EX-99.28.H.3 10 dex9928h3.htm SEC RULE 22C-2 AMENDMENT SEC Rule 22c-2 Amendment

SEC RULE 22c-2 AMENDMENT

THIS Rule 22c-2 Amendment (“Amendment”) is made and entered into this 1st day of January 2011 by and between GWFS Equities, Inc. and/or its affiliates (herein referred to as “GWFS” or “Intermediary”), and Maxim Series Fund, Inc. (“Fund”) on behalf of itself and its underlying Portfolios.

Intermediary entered into a Rule 22c-2 Shareholder Information Agreement dated April 16, 2007 with an effective date of October 16, 2007 (the “Agreement”) with Fund pursuant to Rule 22c-2 of the Investment Company Act of 1940, as amended (the “1940 Act”) in order to facilitate the exchange of information necessary for the Fund and its underlying Portfolios to comply with the 1940 Act, including without limitation Section 22 and Rule 22c-2 promulgated thereunder. Fund has adopted policies and procedures to protect the Fund, its Portfolios, and its respective Shareholders from potentially harmful Frequent Trading as otherwise set forth in the Fund’s policies and procedures on Market Timing and Excessive Trading.
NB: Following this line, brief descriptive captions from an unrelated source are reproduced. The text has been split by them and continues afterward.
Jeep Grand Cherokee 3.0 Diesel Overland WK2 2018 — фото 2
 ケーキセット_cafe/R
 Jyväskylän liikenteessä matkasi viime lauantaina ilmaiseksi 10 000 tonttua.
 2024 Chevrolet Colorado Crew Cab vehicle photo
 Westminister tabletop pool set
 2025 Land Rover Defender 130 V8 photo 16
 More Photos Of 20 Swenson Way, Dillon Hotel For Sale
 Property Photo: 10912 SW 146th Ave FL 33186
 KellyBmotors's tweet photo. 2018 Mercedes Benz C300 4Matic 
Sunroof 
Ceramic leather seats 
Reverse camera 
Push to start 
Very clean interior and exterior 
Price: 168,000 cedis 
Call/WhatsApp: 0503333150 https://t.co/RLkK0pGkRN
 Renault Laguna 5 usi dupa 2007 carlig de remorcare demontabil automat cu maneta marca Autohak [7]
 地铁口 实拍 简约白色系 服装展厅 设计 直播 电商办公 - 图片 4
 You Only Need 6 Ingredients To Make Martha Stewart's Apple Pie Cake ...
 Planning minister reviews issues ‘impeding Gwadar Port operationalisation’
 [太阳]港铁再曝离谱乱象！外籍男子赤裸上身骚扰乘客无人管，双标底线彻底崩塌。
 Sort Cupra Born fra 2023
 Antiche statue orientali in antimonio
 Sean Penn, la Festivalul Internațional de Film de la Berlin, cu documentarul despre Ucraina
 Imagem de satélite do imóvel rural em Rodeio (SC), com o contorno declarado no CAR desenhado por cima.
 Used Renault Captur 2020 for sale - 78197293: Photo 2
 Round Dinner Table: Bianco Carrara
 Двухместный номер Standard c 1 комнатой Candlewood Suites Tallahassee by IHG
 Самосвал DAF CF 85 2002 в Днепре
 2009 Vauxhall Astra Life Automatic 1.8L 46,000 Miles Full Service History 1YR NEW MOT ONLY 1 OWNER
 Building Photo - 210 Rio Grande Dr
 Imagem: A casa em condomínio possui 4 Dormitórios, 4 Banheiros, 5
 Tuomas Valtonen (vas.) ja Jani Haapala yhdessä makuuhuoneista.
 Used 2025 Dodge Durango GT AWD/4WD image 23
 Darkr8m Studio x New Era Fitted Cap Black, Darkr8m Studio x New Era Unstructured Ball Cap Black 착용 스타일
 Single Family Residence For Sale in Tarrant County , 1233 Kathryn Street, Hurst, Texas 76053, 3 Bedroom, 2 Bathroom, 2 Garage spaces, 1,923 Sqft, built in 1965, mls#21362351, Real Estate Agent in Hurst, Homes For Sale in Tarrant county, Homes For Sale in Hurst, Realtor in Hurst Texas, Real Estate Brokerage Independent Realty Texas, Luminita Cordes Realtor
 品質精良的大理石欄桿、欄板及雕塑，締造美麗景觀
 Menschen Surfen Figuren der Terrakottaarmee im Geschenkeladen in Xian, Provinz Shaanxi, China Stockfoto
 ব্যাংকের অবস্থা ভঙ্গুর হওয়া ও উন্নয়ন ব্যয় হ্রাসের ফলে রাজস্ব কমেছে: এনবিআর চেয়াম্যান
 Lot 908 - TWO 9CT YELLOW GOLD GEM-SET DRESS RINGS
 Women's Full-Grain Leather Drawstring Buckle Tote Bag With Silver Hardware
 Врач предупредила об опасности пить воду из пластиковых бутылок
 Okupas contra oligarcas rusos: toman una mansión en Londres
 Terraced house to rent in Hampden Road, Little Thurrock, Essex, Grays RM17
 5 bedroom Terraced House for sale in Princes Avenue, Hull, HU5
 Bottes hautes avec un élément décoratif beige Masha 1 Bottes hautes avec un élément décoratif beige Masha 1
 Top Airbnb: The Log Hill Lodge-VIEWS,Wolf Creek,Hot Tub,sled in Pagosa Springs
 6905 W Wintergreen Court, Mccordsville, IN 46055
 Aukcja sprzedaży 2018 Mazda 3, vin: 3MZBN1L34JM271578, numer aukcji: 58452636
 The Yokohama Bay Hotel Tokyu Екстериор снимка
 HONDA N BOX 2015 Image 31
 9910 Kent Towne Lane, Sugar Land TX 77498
Intermediary agrees to perform standardized Frequent Trading monitoring of Shareholder initiated transactions in the Portfolios of the Fund as outlined below. Fund agrees that the standardized Frequent Trading monitoring and purchase restriction policies and procedures set out herein satisfy Fund’s Frequent Trading standards and hereby instructs Intermediary to implement such monitoring policies and procedures.

Section 1 - Definitions.

All definitions not otherwise provided in this Section 1 shall have the same meaning as set forth in the Agreement.

 

a.

Day(s) – calendar days unless noted otherwise.

 

b.

Exchange Purchase – Shareholder initiated fund transfer of any portion of a Shareholder’s assets into the Fund (not including purchases into the Fund made with new assets contributed or rolled into a Plan).

 

c.

Exchange Redemption – Shareholder initiated fund transfer of any portion of a Shareholder’s assets in a Plan out of the Fund (not including the withdrawal or distribution of assets out of a Plan).

 

d.

Frequent Trading – A Second Round Trip within the Fund within thirty (30) calendar days after the completion of a Round Trip within the Fund.

 

e.

Portfolios – The investment portfolios currently or prospectively offered through the Fund (each a “Portfolio”) with each Portfolio operating as a separate mutual fund with its own respective investment objectives and strategies. For purposes of this Amendment, the term Fund includes each underlying Portfolio.

 

f.

Purchase Restriction Period – The thirty (30) Day period during which a Shareholder will be restricted from initiating Exchange Purchases into the Fund.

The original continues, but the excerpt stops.